Why is the convict / Christian hiding his head? He is a false prophet, a ghost of oppression, the spirit of illiteracy (the average man / free settler and the redcoat could not read).  I dressed the convict in the black cloak & hood of the hangman, the Black Plague, and the Klu Klux Klan.  The bible commands “Thou shalt not kill, steal, lust after the neighbour’s wife or land”, because the victim, the Aborigine in chains, cannot speak English or prove his religion, he is guilty of trespassing on his own land, guilty of cattle- spearing.  When the land was cleared of the kangaroo and emu, the Aborigine did not understand property rights.  His laws were to feed his family.  The white man’s law and chains were unforgivable.
The true history of Australia must recognize that the chained Aborigine was wise beyond belief, had a complex law system, language, and religion for thousands of years. This balance of survival cared for the wildlife, the environment, his family that was part of the land.

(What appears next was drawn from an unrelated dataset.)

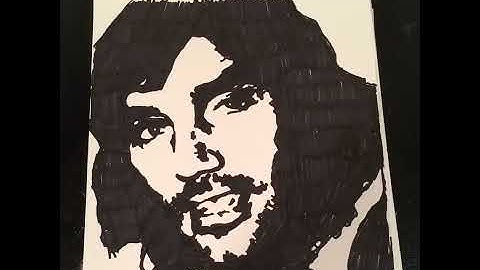 George Best Sharpie drawing time lapse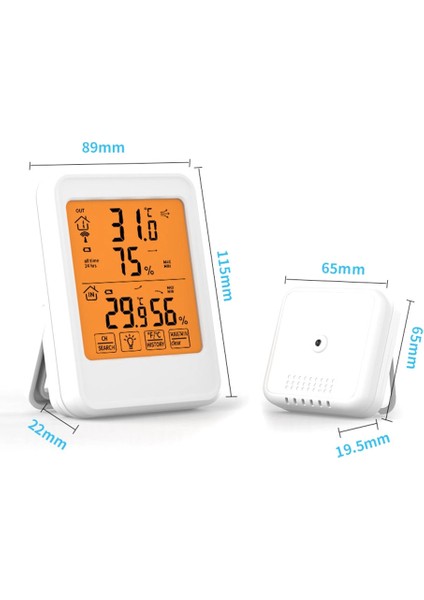 Dijital Sıcaklık ve Nem Ölçer Akıllı Dokunmatik Ekran LED Sıcaklık Kaydedici Elektronik Higrometre Beyaz (Yurt Dışından)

Dispossession of his land destroyed his soul.
I ask you the viewer,

“Who is guilty?”


Often described as the pioneer of Urban Aboriginal Art, Gordon Syron taught himself to paint while serving a ten-year sentence at Bathurst gaol in the 1970s. A defender of Aboriginal people’s rights to look after their own culture, he uses his art to expose the exploitation of his people since European colonisation.  Syron doesn’t paint dots - he paints the struggle of Aboriginal people. In his major work, “Judgement by his Peers”, painted in 1978 while in prison, Syron shows the failure of the criminal justice system to deliver justice to indigenous Australians.

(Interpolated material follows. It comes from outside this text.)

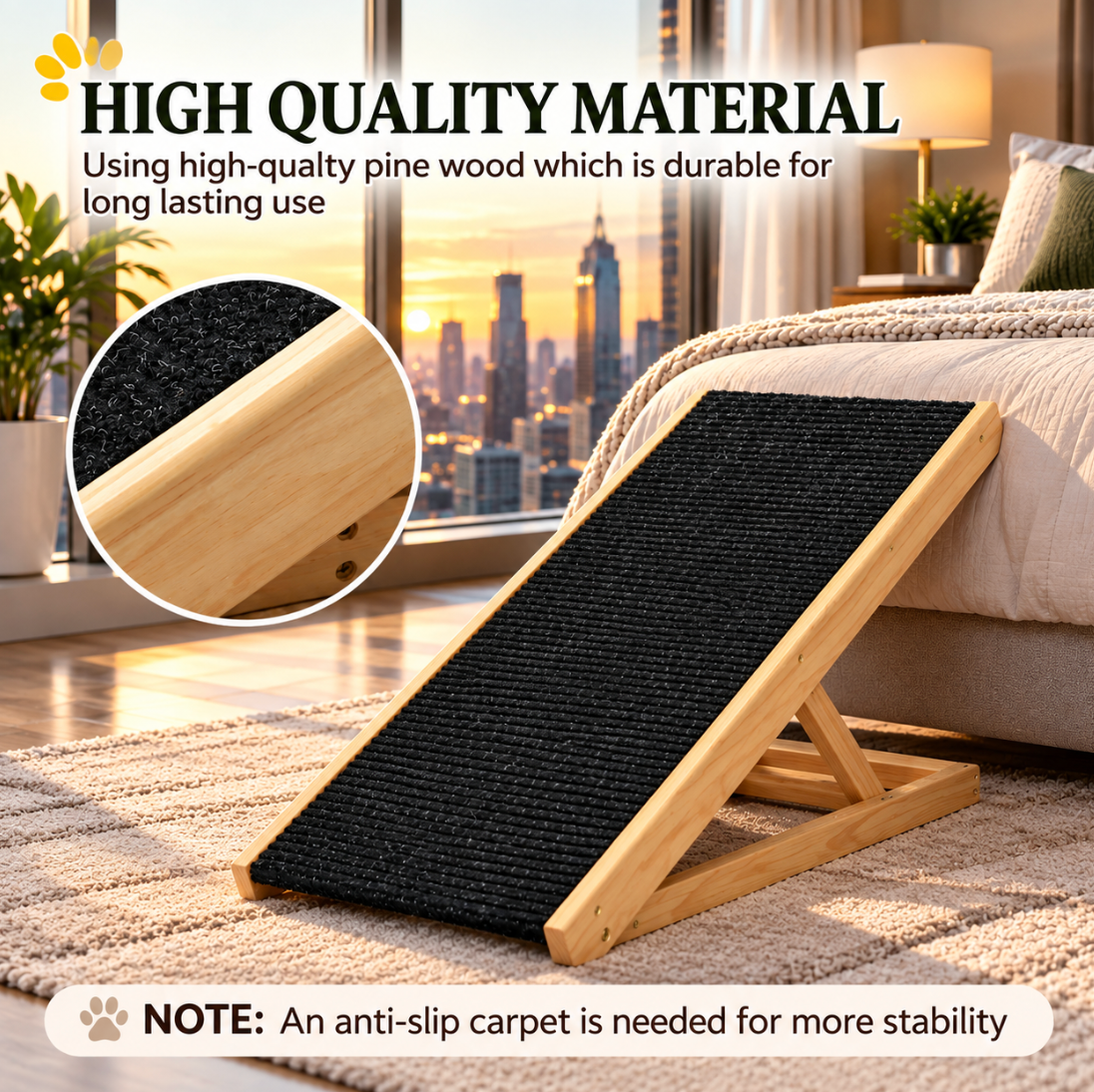 Adjustable Foldable Dog Ramp for Beds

Gordon has made many significant contributions to his community, as co-founder of the Eora College with Bobby Merritt, he was also the first art teacher there. He was the president of the Deaths in Custody Watch Committee in the late 90s. From 1997 to 2007 his gallery, Black Fella's Dreaming supported and encouraged new, young and struggling artists. 

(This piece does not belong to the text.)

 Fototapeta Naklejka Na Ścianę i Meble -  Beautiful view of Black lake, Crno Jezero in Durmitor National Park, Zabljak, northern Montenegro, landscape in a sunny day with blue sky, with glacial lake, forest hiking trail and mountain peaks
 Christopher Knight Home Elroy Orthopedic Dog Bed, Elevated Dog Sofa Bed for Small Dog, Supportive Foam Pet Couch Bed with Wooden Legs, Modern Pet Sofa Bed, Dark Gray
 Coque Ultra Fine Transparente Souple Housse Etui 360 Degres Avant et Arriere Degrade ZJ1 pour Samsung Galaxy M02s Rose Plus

Gordon Syron is a Biripi / Worimi man known for his political and historical oil paintings. He is a self-taught artist who has carved himself a remarkable career which has influenced his peers in the artistic, political and cultural arenas. The extent of syron's work was seen in two retrospectives, the first in 1998 and again in 2004 at the Australian Museum, Sydney. In 2000 he was the artist-in-residence for the International Australian Humanist Society. In 2004 two of Gordon’s paintings were chosen to be displayed at the Athen’s Olympics: and then toured to Beijing to be displayed at the 2008 Olympics.